Pictorial mechanisms are indicated as being at work not only
in painting but also within three dimensional mediums.
This strategy of using wall and
floor to enunciate the conceptual structure of painting (which
could be thought of as the 'work of painting') is shared by
many artists of the group. Louis Cane's Sol-Mur
addresses aspects of Greenberg's logic of optical illusion.
The work has no physical support except for the wall and the
floor. On the wall is tacked an unstretched canvas. It is dyed
rather than painted in blue that fades from dark near the floor
to a lighter tone at its highest point. It is framed by a border
of mid tone blue canvas. The border touches the floor, and from
this point an area identical in size to that on the wall stretches
out and repeats the fade from dark to light blue. Fold marks
create a grid within the unstretched canvas. These vestiges
of folds act against the optical mirage created by the blue
fade. The floor canvas further destabilises the optical condition
of the work as 'a picture'.
Floor and wall, folding, printing,
weaving and dying are consistently working strategies for Supports/Surfaces.
The questioning of the productive forces of painting as a medium
recalls the distinction that can be made in French between components
of its structure. Tableau, pictorial,
peinture and facture
are sites of operation and signification in the thinking and
the practice of a tradition of French art. Matisse's paper cut-outs
come to mind with much of this work. He regarded cutting into
colour as a sculptural act and the cut-outs stood as a synthesis
of his former practices as sculptor and painter. A term like
tableau in Supports/Surfaces
can be reread in terms of a concept like Althusser's
'objet de connaisance'. Bound up in the structures and
conventions of a medium, are deeper mechanisms that are not
reducible to an idea of medium specificity.

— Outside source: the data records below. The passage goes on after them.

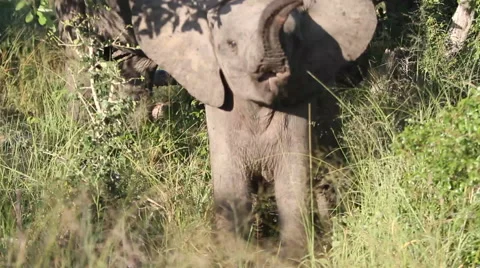 Young Elephant Grazing Stock Footage 41639089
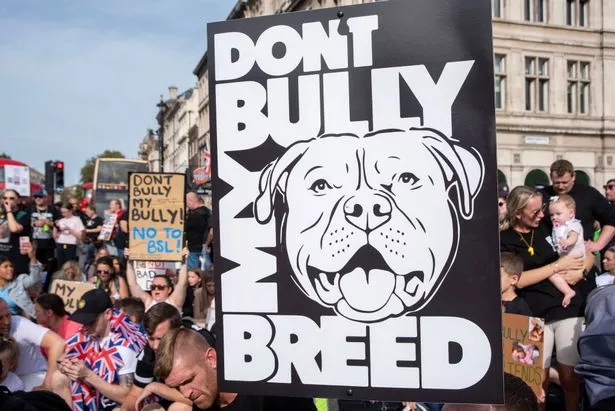 XL Bully protest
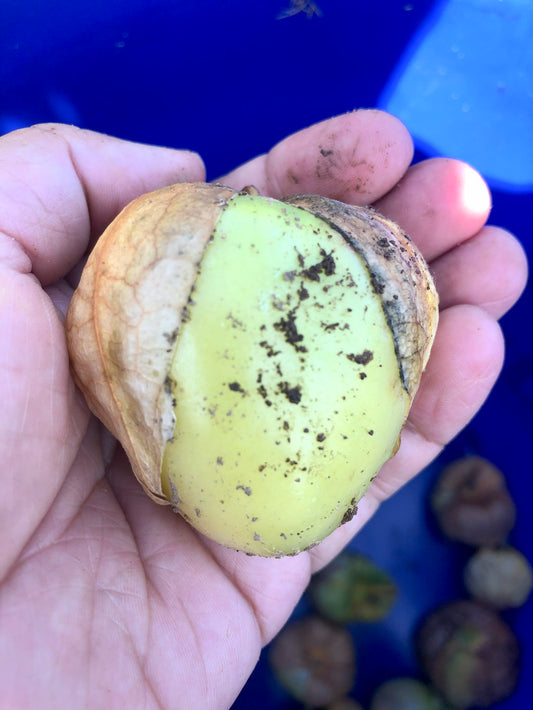 Tomatillo, Manzano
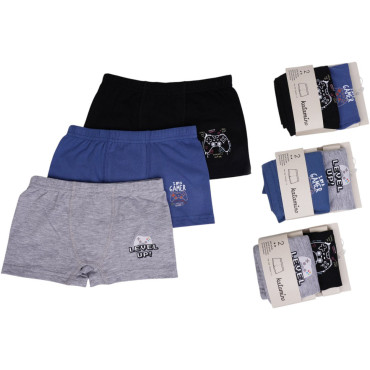 Set briefs 2pcs (pack of 6 sets) Level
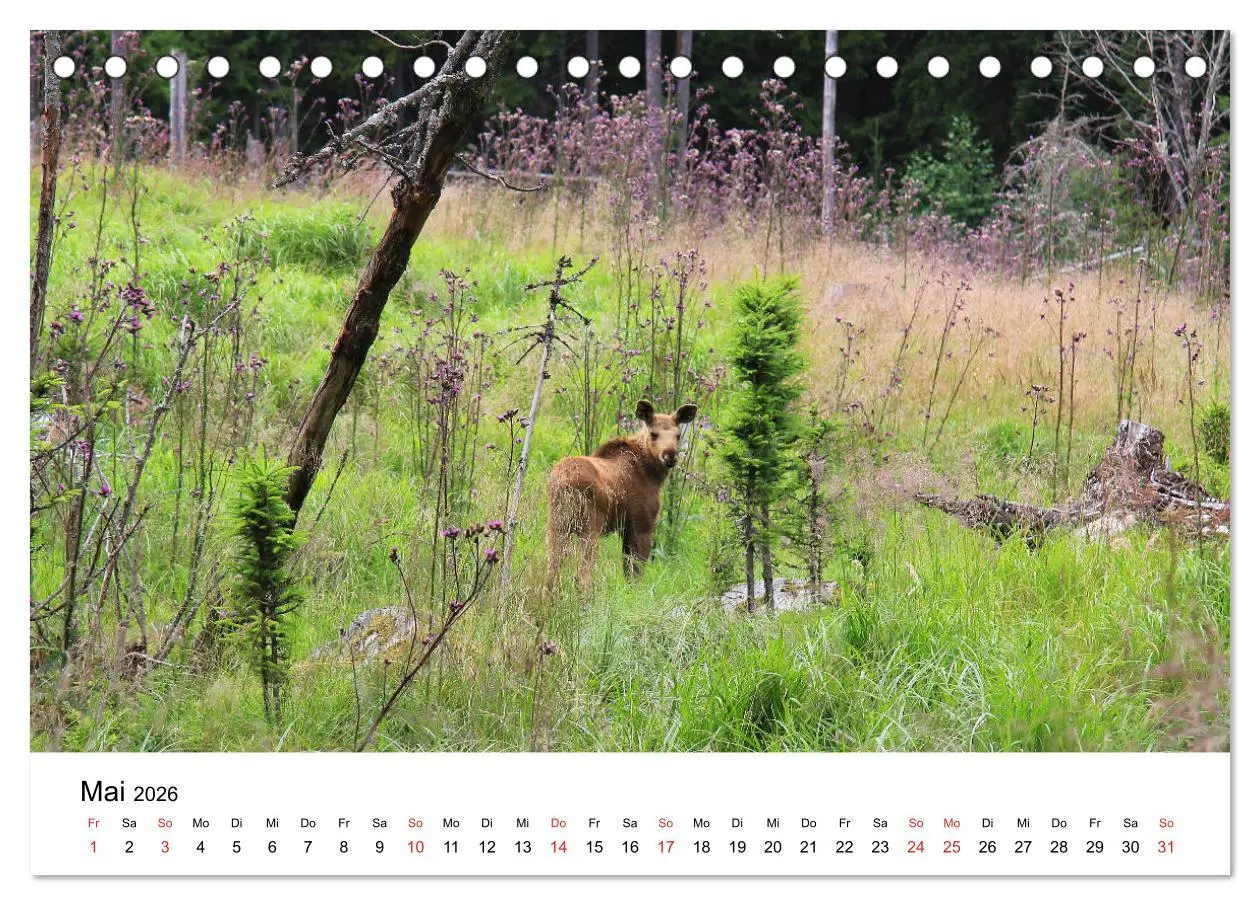 Bild: 9783457931110 | Schweden - Värmland (Tischkalender 2026 DIN A5 quer), CALVENDO...
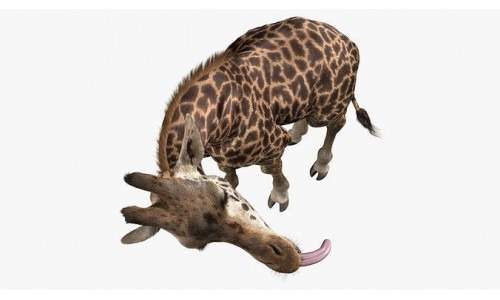 Giraffe Masai Fur Rigged 3D model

François Rouan's wove the picture
surface into a tressage.
The picture as an optical field is supplemented by its tactile
condition. The viewer's eye is met by an optical field that
has a physicality, a thickness to it. The weave of the pictorial
field also presents the structural fact that one is looking
at a surface where half of the fabric that makes it up is concealed.
The tressage is turning
one face of the picture toward the eye of the spectator, while
another is obscured from view. The whole work is thus not merely
a product of its pictorial qualities but is equally dependent
upon its structural logic. With Rouan the voided elements of
the painting are constitutive and productive in terms of an
experience of it as a whole. This in some ways accounts for
his work being articulated within a Lacanian psychoanalytic
discourse as the seventies unfolded.
The Jeu de Paume's reappraisal of
Supports/Surfaces at this moment is particularly significant.
American artists like Jessica Stockholder and Polly Applebaum
are working in ways that raise similar questions. Supports/Surfaces
is valuable in articulating and questioning such artists' practices.
It is perhaps not by chance that the reception of Stockholder's
work in France has been both enthusiastic and perceptive as
the conditions for that reception are within an already established
criteria. The failure of groupings of artists like Supports/Surfaces,
B.M.P.T. and Ja Na Pa to find audiences outside of France is
curious. The products of French intellectual culture by contrast
are at the heart of much of the critical theory industry that
has proliferated internationally in the last twenty years. Episodes
like Supports/Surfaces serve as instructive demonstrations of
such theory in practice and thus should become increasingly
relevant to contemporary artistic issues.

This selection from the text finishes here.